(Beginning of DATA FOR THIS TASK)

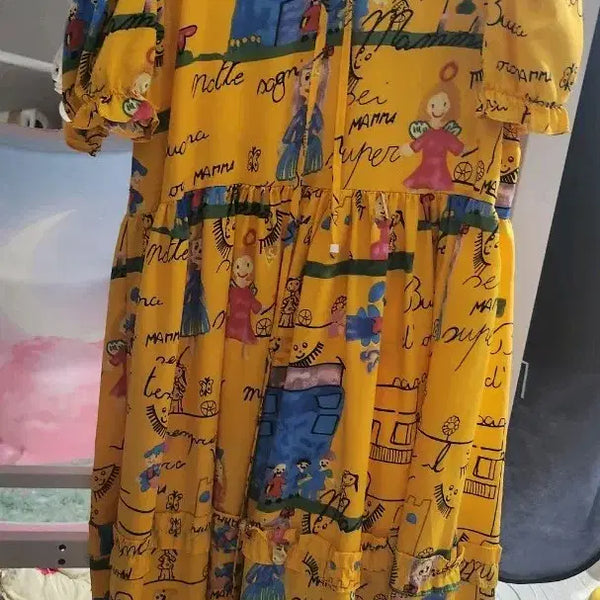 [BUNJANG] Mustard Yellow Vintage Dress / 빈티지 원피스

(End of DATA FOR THIS TASK)
(Beginning of DATA FOR THIS TASK)

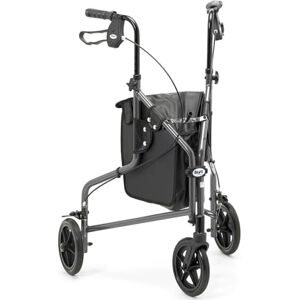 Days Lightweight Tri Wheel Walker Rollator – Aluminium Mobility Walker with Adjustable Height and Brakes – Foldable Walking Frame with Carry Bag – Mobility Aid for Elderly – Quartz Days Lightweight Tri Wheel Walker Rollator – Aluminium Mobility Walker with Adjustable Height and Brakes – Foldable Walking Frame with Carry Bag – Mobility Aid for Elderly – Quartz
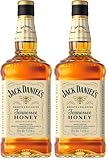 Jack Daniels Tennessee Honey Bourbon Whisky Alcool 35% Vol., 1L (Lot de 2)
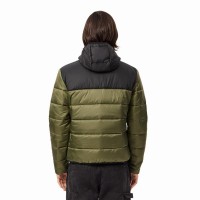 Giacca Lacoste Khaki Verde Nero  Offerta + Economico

(End of DATA FOR THIS TASK)

WHAT TO DO: Using the data above, retype exactly and only the lines from the one containing "Jack Daniels Tennessee" up to and including the one containing "Giacca Lacoste Khaki", with no pictures carried over.

EXERCISE RESPONSE:
 Jack Daniels Tennessee Honey Bourbon Whisky Alcool 35% Vol., 1L (Lot de 2)
 Giacca Lacoste Khaki Verde Nero  Offerta + Economico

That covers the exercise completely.